(Short web captions)
---
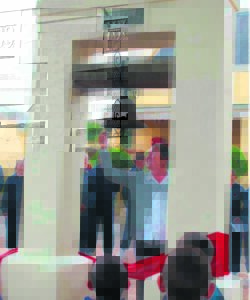 School rings in 20 years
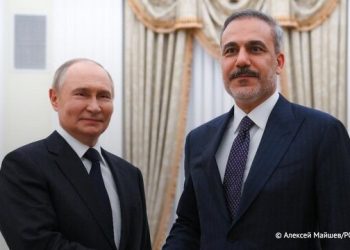 دیدار وزیر خارجه ترکیه با پوتین در کرملین؛ محوریت مذاکرات بحران اوکراین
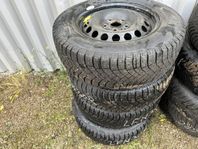 4st vinterdäck dubbfria Pirelli 195/65- 15″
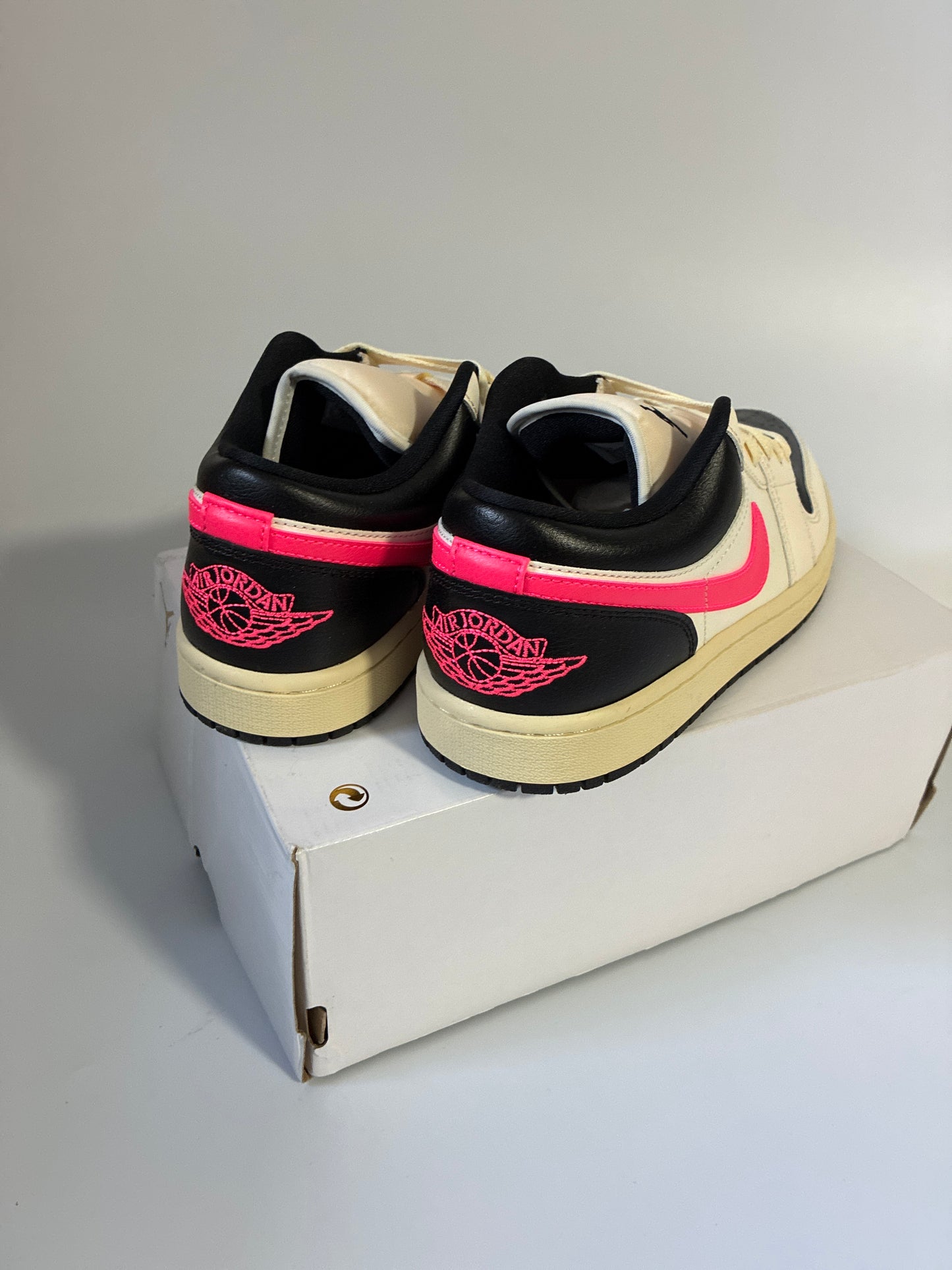 WMNS AIR JORDAN pale ivory/renacer pink-black 1 low size 10w DC0774 107 new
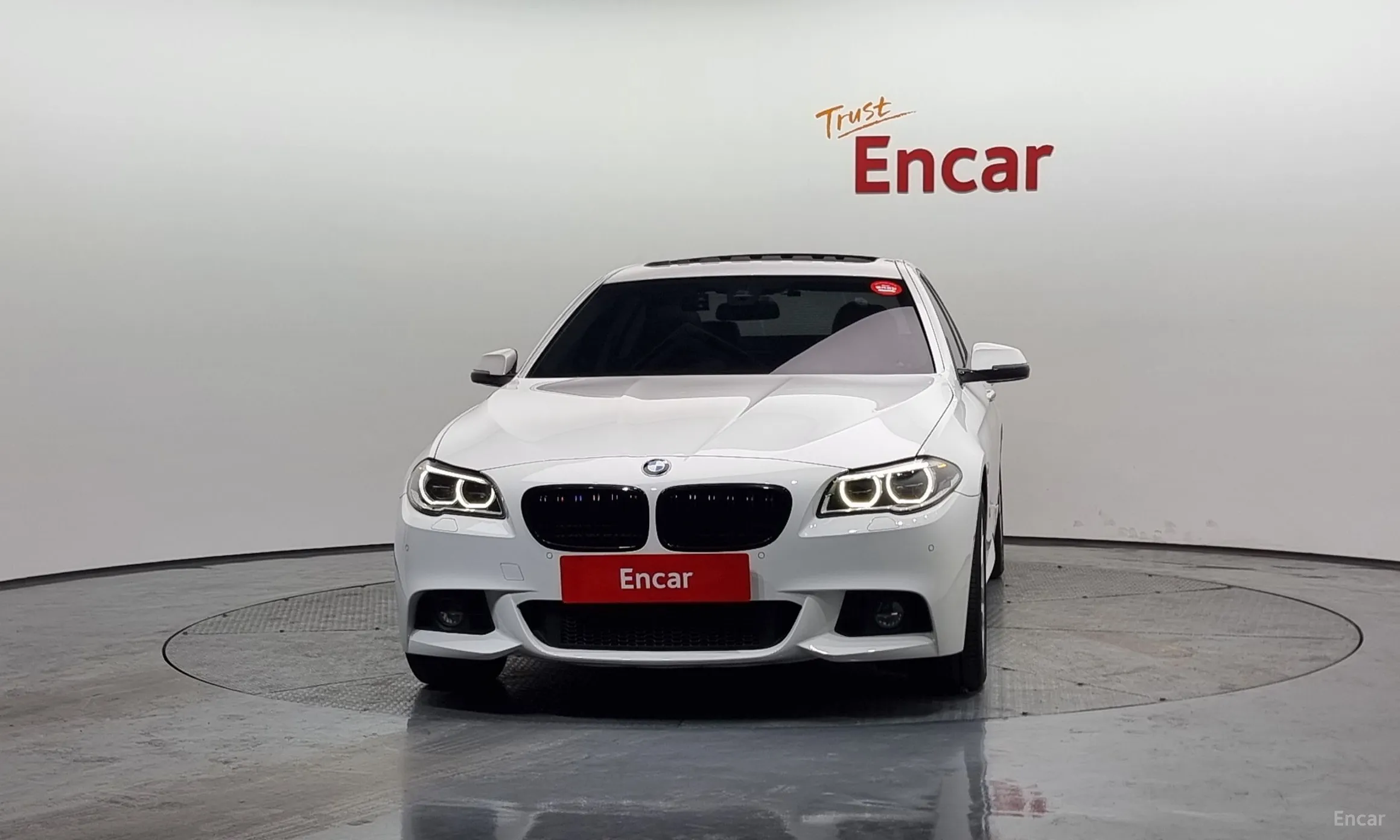 BMW 5 Series (F10) превью 2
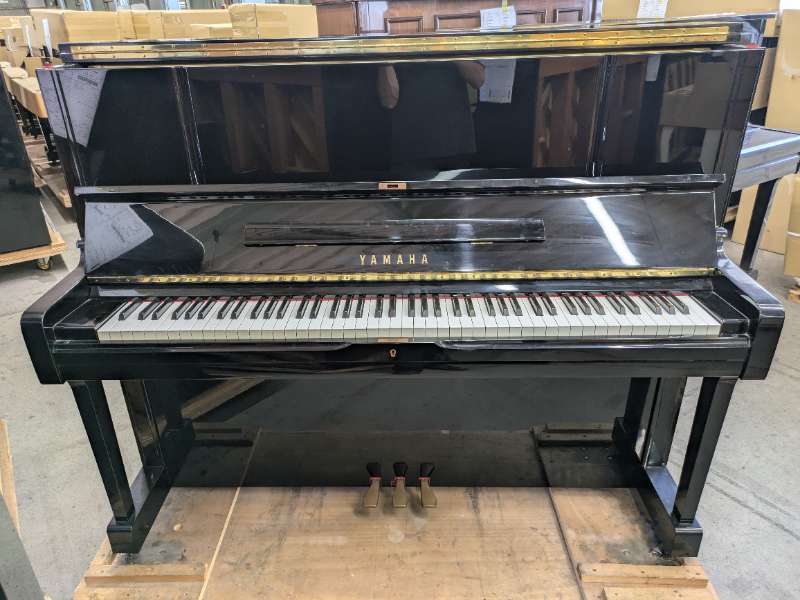 YAMAHA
---
> [Aim of the task]: Each entry must be set down word for word; no image may be carried over.

> [Exercise answer]:
 School rings in 20 years
 دیدار وزیر خارجه ترکیه با پوتین در کرملین؛ محوریت مذاکرات بحران اوکراین
 4st vinterdäck dubbfria Pirelli 195/65- 15″
 WMNS AIR JORDAN pale ivory/renacer pink-black 1 low size 10w DC0774 107 new
 BMW 5 Series (F10) превью 2
 YAMAHA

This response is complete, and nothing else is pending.